Slovakia
Remuneration of public sector employees
Impact date: 1 September 2025 Two Acts have been amended with the aim of increasing salary rates for certain employees working in the public interest (e.g. state and municipal organizations, public universities, research institutions, and certain schools), including teaching and professional staff. The changes also introduce a performance-based bonus system for educators and professionals, rewarding the quality and effectiveness of their work, while ensuring that minimum wage guarantees remain protected even under collective agreements.
Employer implications/action needed Employers should comply with and consider increasing remuneration for specific groups of employees.
Employer risk The Labor Inspectorate may impose a fine of up to €100,000 on employers who breach the obligations arising from labor law regulations.
Employment services
Impact date: 1 September 2025 A reform has been made to better support vulnerable groups—particularly long-term unemployed and low-skilled individuals—by enhancing job mediation services for households receiving material assistance.
The changes include stricter sanctions for non-cooperation and financial incentives for employment and retraining.

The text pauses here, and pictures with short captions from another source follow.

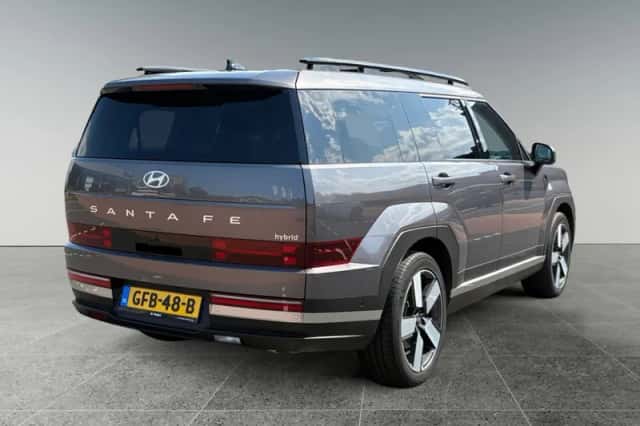 Hyundai Santa Fe (2024) thumbnail 6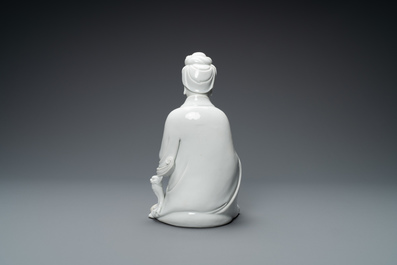 A Chinese Dehua blanc de Chine figure of Guanyin, Boji Yuren mark, 18/19th C.
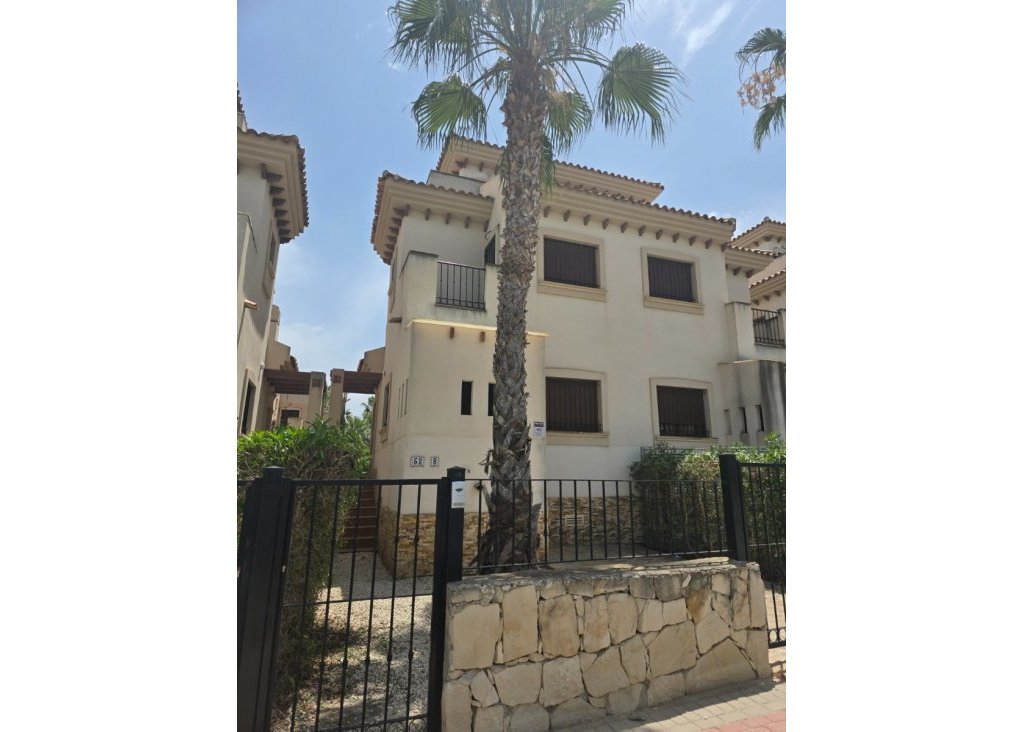 Sale - Villa - Algorfa - La Finca Golf Resort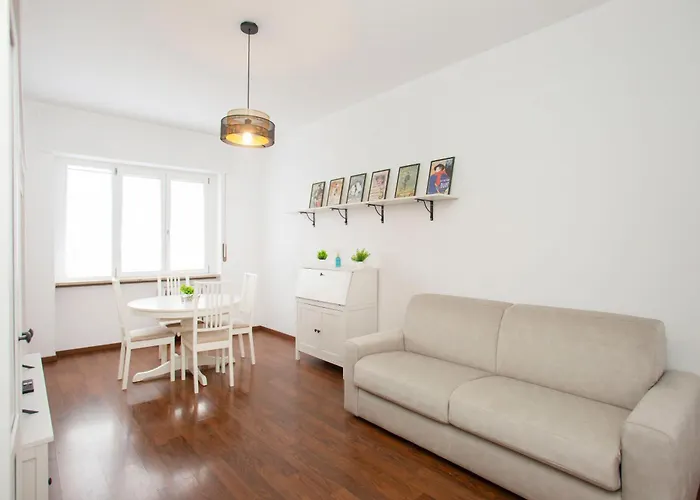 Corvetto Modern - Steps From M3 Corvetto Apartment Milan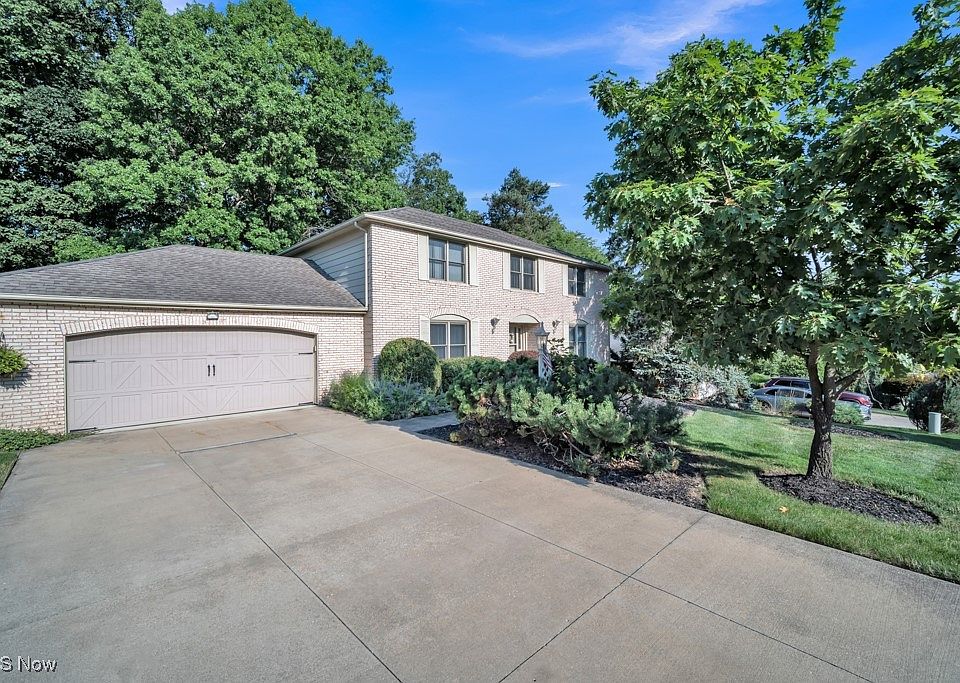 1st image of 6874 Karen Dr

These measures aim to improve labor market integration and develop social and professional skills.
Employer implications/action needed N/A
Special higher meal allowance rates
Impact date: 1 November 2025
A measure by the Ministry of Finance of the Slovak Republic will make it possible for it to set special higher meal allowance rates (used for business trips and certain employment contexts) under certain conditions. To aim is to maintain sector stability and prevent workforce shortages in industries heavily affected by rising costs. The measure applies to certain groups of employees and certain countries where there is a serious disproportion between the basic meal allowance rates and the actual prices of meals and non-alcoholic beverages. This measure will only apply in sectors where there is a risk of collapse (e.g. industries or sectors that are facing severe financial distress or operational instability), where failure to adjust allowances could lead to serious economic and social consequences.

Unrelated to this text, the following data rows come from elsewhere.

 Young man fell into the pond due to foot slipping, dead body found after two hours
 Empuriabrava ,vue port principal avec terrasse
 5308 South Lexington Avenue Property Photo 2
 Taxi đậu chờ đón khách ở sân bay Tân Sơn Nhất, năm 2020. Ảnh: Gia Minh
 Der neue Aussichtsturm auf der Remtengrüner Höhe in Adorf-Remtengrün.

Employer implications/action needed N/A
Increase of meal allowance for business trips
Impact date: 1 December 2025 The meal allowance is increased as follows:
- For business trips of five to 12 hours, the meal allowance is €9.30
- For business trips of 12 to 18 hours, the meal allowance is €13.80
- For business trips of more than 18 hours, the meal allowance is €20.60
Employer implications/action needed Employers should note and apply the changes to the meal allowance, as this will affect their contribution.
Amended definition of dependent work
Impact date: 1 January 2026 An amendment to the Slovak Labor Code changes the definition of dependent work (i.e. an employment relationship, distinct from other forms of work such as self-employment or business contracts) by removing the requirement that the work must be performed “during working hours determined by the employer”. This means that even if a worker sets their own schedule, the relationship can still be classified as dependent work.

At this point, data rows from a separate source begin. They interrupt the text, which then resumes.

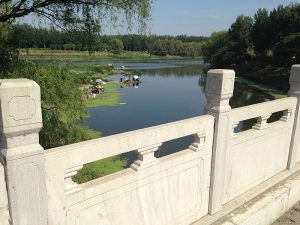 Überall wo es sich anbietet hocken die Angler am Wenyu-Fluss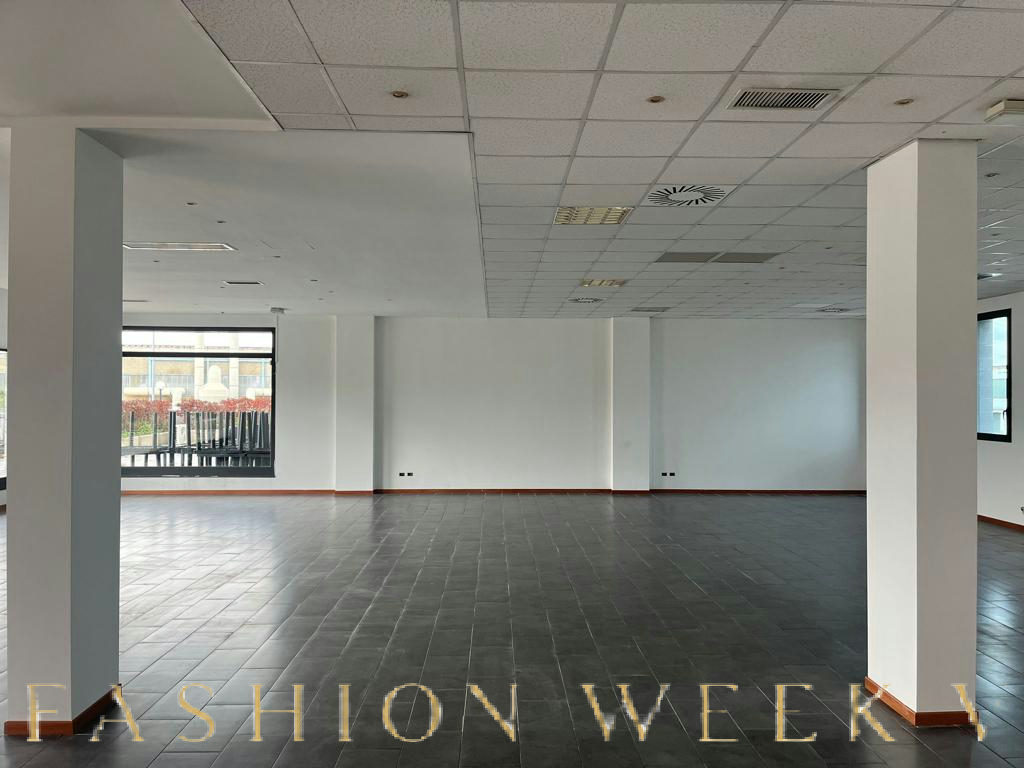 Versatile Event Space with Outdoor Area, 197 sqm, pop up store in Bellusco II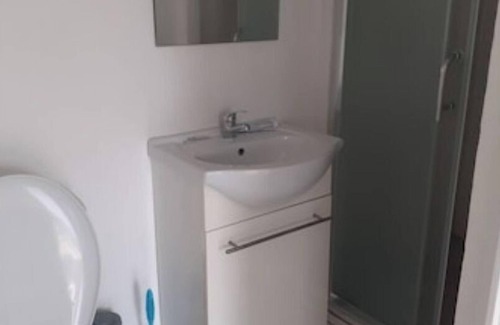 Regina Apartment | Small studio KOUROU (2)
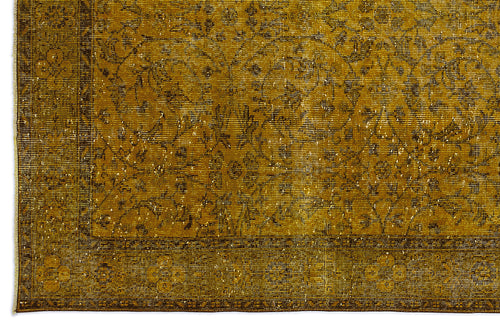 Load image 1 in gallery view. Bruya - Vintage Distressed Rug - 5'6 X 9'6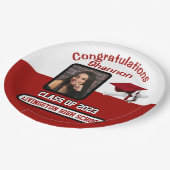 Cap & Diploma, Red & White Abschluss Pappteller (Schrägansicht)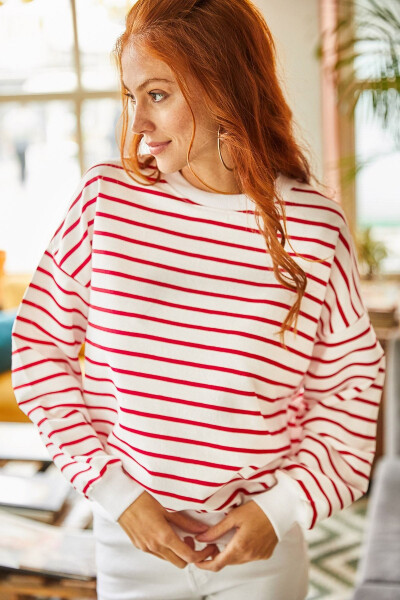 Women's White and Burgundy Striped Basic Soft Textured Oversized Sweatshirt SWT-19000457 - 3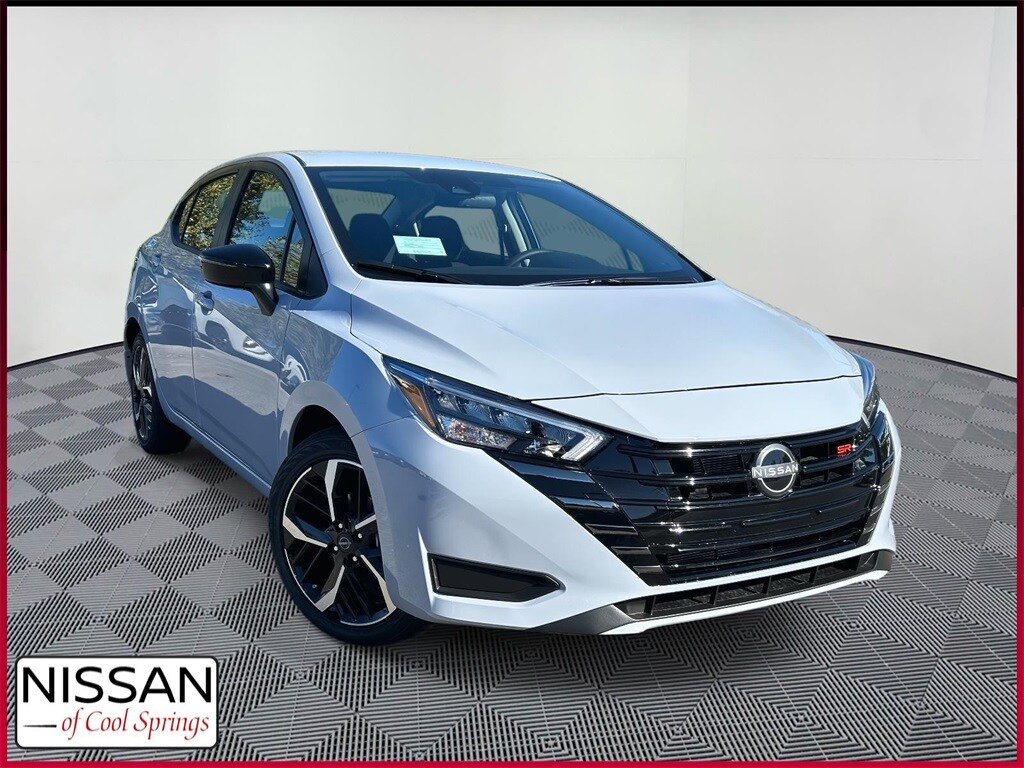 New 2025 Nissan Versa 1.6 SR Sedan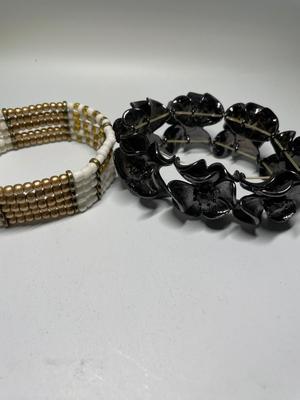 10 stretch bracelets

This legislative change is a response to the provisions of the Labor Code commonly used in practice, which allow employees a certain degree of autonomy in organizing their working time (e.g., flexible working hours) or scheduling work (e.g., home-based work, telework). The change will also ensure that in determining the nature of the relationship, more emphasis is placed on the full circumstances rather than on the specific time at which the work is carried out.
Employer implications/action needed Employers should review their arrangements with self-employed contractors to ensure that they are properly classified as such.
Employer risk In practice, this legislative change means there is a greater risk of the labor inspectorate making a finding of illegal employment. If an employer enters into a commercial contract for cooperation with a sole trader, the adjustment of working hours in such a contract and the agreement that the self-employed person may perform work at their own discretion will no longer be sufficient to exclude this relationship from the definition of dependent work. The fine imposed by the labor inspectorate for violating the prohibition of illegal employment ranges from: €2.000 to €200.000 (at least €5.000 in the case of the illegal employment of two or more individuals).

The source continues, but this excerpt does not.